## Task instructions
Copy the data exactly. Images are the one exception.

## Provided data
────────────────────
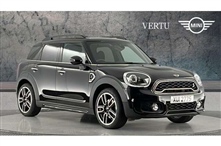 Used Mini Countryman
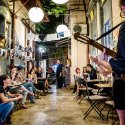 Toutefois la Bucharest Photo Week - Gallery - Strada Leonida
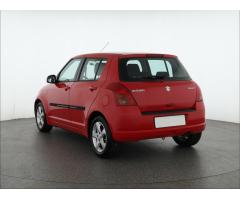 Suzuki Swift 1.3 i 67kW - 5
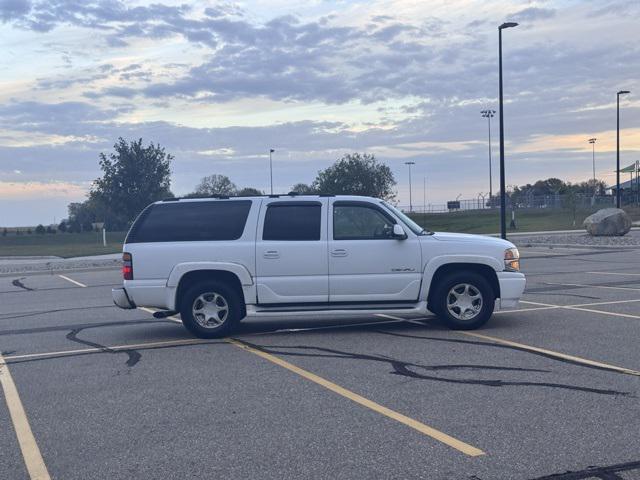 used 2004 GMC Yukon XL car, priced at $5,995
────────────────────
## Exercise output
 Used Mini Countryman
 Toutefois la Bucharest Photo Week - Gallery - Strada Leonida
 Suzuki Swift 1.3 i 67kW - 5
 used 2004 GMC Yukon XL car, priced at $5,995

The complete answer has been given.